Het hertogdom Gelre, meer volledig ook als hertogdom Gelre en graafschap Zutphen omschreven,[1] is een voormalig hertogdom in het oosten van Nederland (provincie Gelderland), alsmede in Nederlands Noord- en Midden-Limburg en het daaraan grenzende noordwesten van de Duitse Nederrijn. Vanaf begin 12e eeuw vielen de leenheren van Gelre onder het Keurvorstendom Keulen, Utrecht en Münster, in 1339 verwierf de graaf van Gelre de titel van hertog. In 1543 voegde keizer Karel V met geweld het hertogdom toe aan zijn Nederlandse bezittingen (Traktaat van Venlo).

Hertogdom Gelre
Land binnen het Heilige Roomse Rijk (1339-1648)
Deel van Gulik-Kleef-Berg (1538-1543)
Gewest van de Habsburgse Nederlanden (1543-1648)
Eén der Zeven Verenigde Nederlanden (1648-1795)
 Graafschap Gelre
 Graafschap Zutphen
1339 – 1795 Verenigde hertogdommen Gulik-Kleef-Berg 
Departement van de Rijn 
Departement van de Oude IJssel 
Departement van de Dommel 
Spaans-Gelre 
(Details)
Kaart
Het Hertogdom Gelre en het Graafschap Zutphen rond 1350.
Het Hertogdom Gelre en het Graafschap Zutphen rond 1350.
Algemene gegevens
Hoofdstad Geldern (1096-1347)
Nijmegen (1347-1543)
Arnhem (1543-1795)
Regering
Regeringsvorm hertogdom
Dynastie Huis Gelre (1339-1371)
Huis Gulik (1383-1423)
Huis Egmont (1423-1473)
Huis Valois-Bourgondië (1473-1493)
Huis Egmont (1493-1538)
Huis van der Mark (1538-1543)
Huis Habsburg (1543-1648)
geen (1648-1747)
Huis Oranje-Nassau (1747-1795)
Staatshoofd hertog
Plv. staatshoofd stadhouder

Gelre was in de middeleeuwen een van de belangrijkste vorstendommen in de Lage Landen en bestond destijds uit de kwartieren Zutphen, Veluwe, Nijmegen en het Overkwartier (Noord- en Midden-Limburg en een deel van de huidige deelstaat Nordrhein-Westfalen).

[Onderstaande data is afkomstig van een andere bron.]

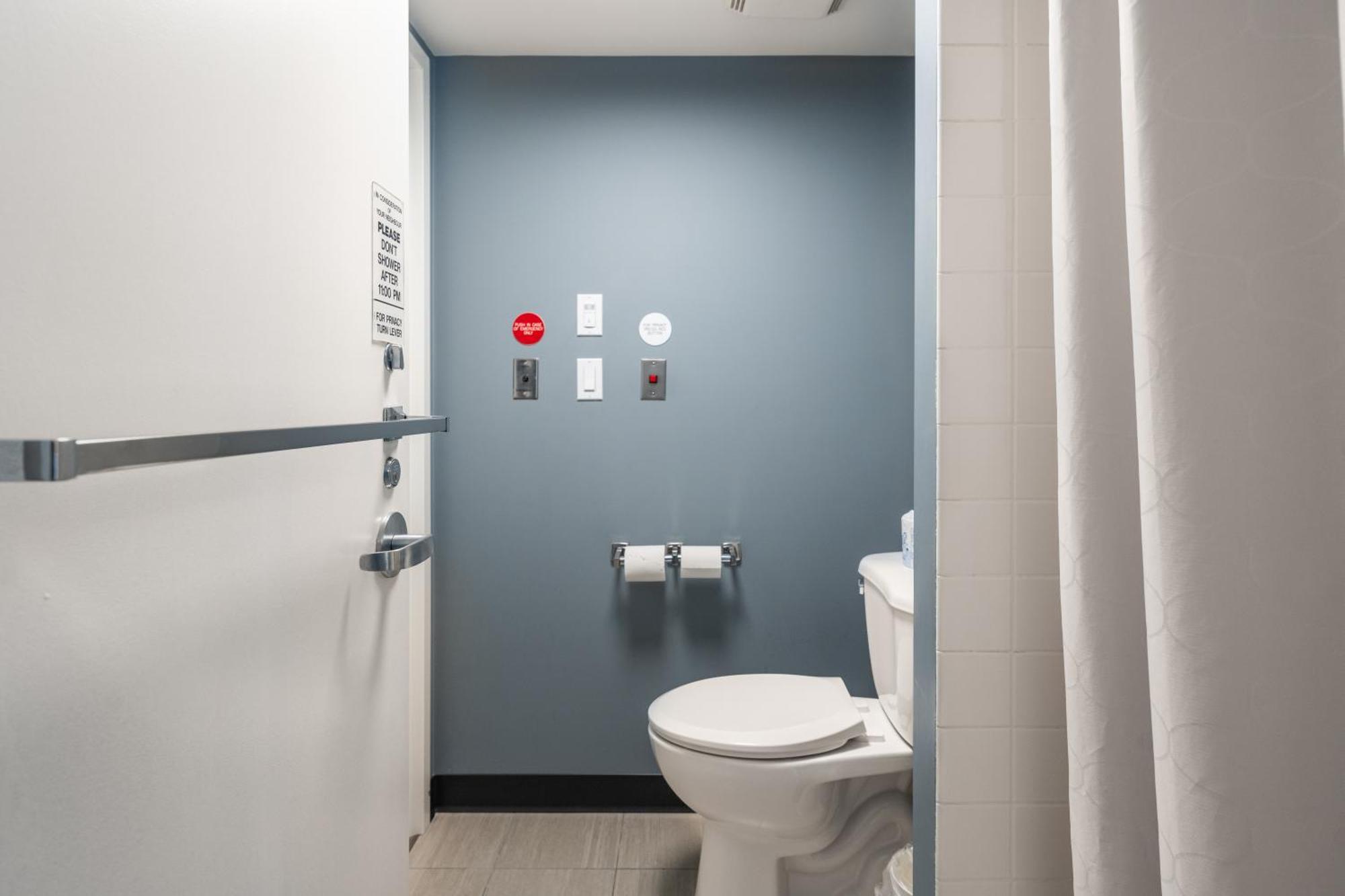 Double Room with Shared Bathroom,1703556387:JPEG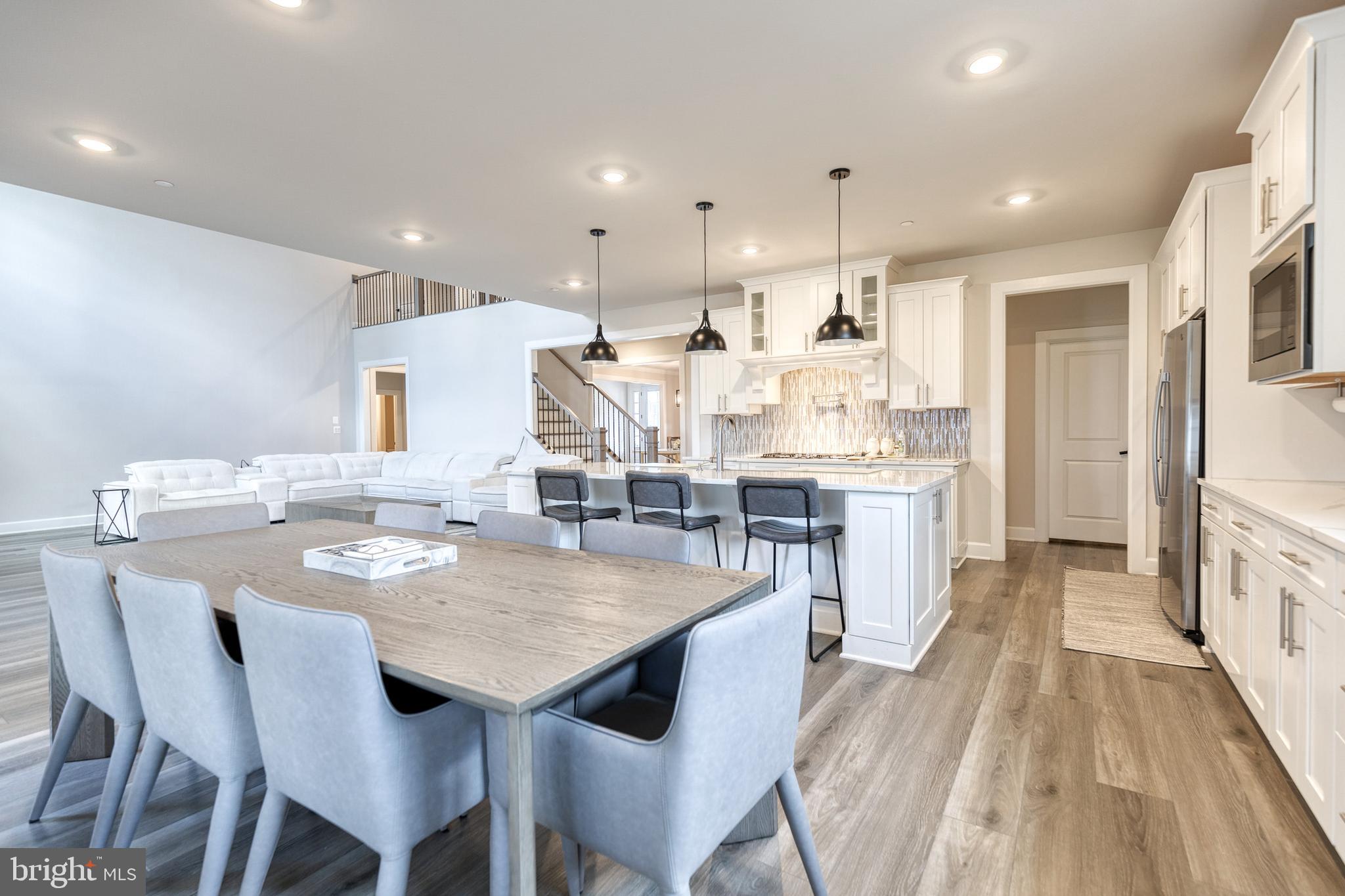 CEDAR CREEK - Residential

De eerste vermelding van de plaatsnaam Gelre in een oorkonde is uit het jaar rond 900[2]. De schrijfwijze vertoonde diverse varianten: Gelre, Gielra, Gellero, Gelera en dergelijke. De naamsvarianten met een ingevoegde /-d-/ zijn jonger dan die van Gel(le)re. Het wordt soms Gelder genoemd, ten gevolge van de "d"-epenthese (het inlassen van een letter, hier de "d"; vandaar ook de woordafleidingen "Gelders" en "Gelderland").[3] In de 17e en 18e eeuw werd de naam van het hertogdom (en het voorgaande graafschap) steeds vaker gespeld als Gelder in plaats van Gelre, terwijl het gebied steeds vaker werd beschreven als Gelderland: het land van Gelder.

Betekenis

bewerken

Het hertogdom Gelre en het latere Gelderland hebben hun naam te danken aan het sinds 1713 Pruisisch en vervolgens Duitse stadje Geldern aan de Niers, in het Nederlands Gelre (Gelder, Gelderen) geheten, de oorspronkelijke hoofdstad van het hertogdom. Gellere (997), Gellera (1104/1105), Geldren (1167) stond oorspronkelijk wellicht voor een verhoogd gelegen nederzetting aan het drassige riviertje de Niers, of anders zou Gellera een aftakking van de Niers geweest kunnen zijn.

Geografie

bewerken

Het historische hertogdom omvatte in het huidige Nederland Gelderland en een groot gedeelte van Noord- en Midden-Limburg. Het strekte zich ook uit over een klein deel van het noorden van de tegenwoordige bondsstaat Noordrijn-Westfalen, met hierin onder andere de steden Gelder en Viersen aan de rivier Niers.

Gelre was verdeeld in vier kwartieren, samen vormden zij de Staten van de Kwartieren:

  1. Opper-Gelre, ook wel "Kwartier van Roermond" of (naar het Duitse Oberquartier) "Overkwartier" genoemd[4][5][6]: de steden Gelder, Roermond en Venlo
  2. Kwartier van Nijmegen: tussen de grote rivieren
  3. Kwartier van Veluwe (ook wel: van Arnhem)
  4. Kwartier van Zutphen (het graafschap Zutphen)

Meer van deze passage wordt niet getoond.